**INFORMATION**
—————

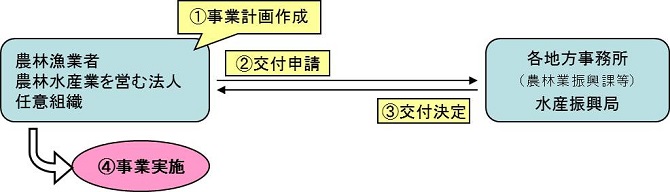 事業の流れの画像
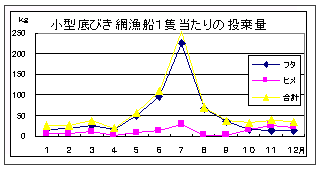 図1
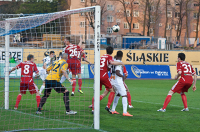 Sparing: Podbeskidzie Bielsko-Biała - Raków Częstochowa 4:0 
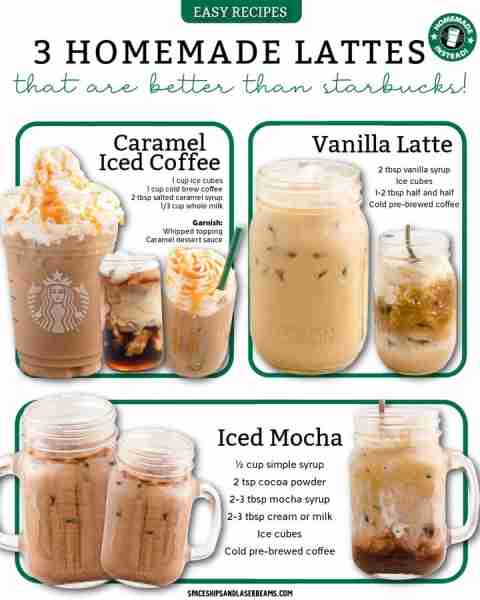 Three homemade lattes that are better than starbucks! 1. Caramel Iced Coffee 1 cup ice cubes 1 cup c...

—————

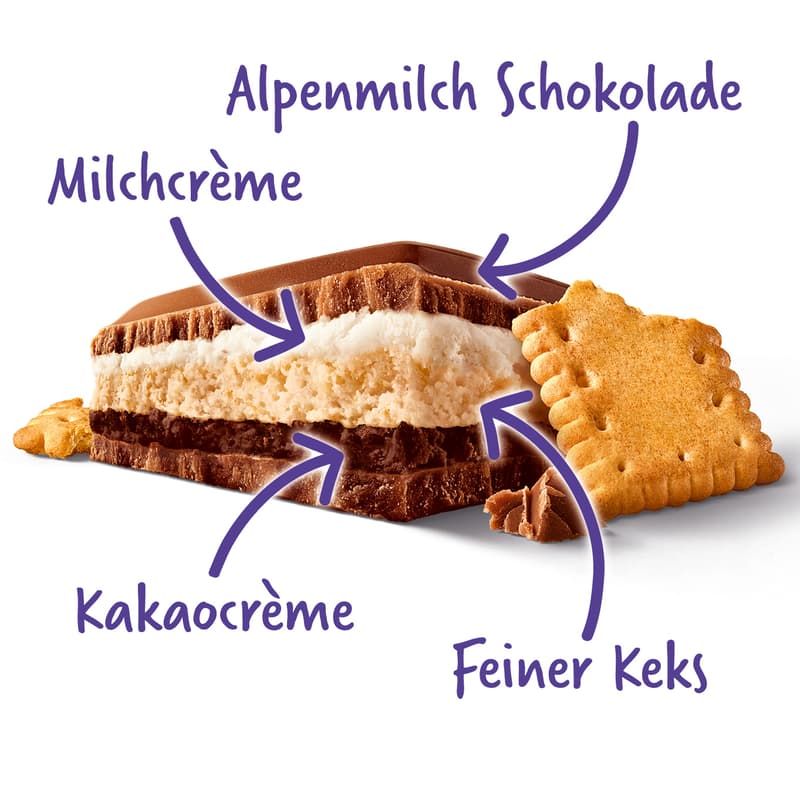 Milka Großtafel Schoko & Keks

—————

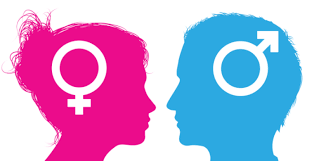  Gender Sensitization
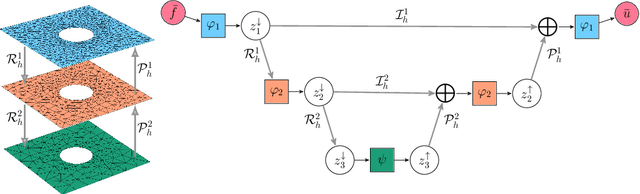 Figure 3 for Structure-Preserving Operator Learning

—————

**WHAT THE TASK REQUIRES**
Nothing outside the stretch above, from the line with "Sparing: Podbeskidzie Bielsko-Biała" through the line with "Three homemade lattes", is set down. Transcribe that stretch exactly, ends included, but not its pictures.

**WRITTEN RESPONSE**
 Sparing: Podbeskidzie Bielsko-Biała - Raków Częstochowa 4:0 
 Three homemade lattes that are better than starbucks! 1. Caramel Iced Coffee 1 cup ice cubes 1 cup c...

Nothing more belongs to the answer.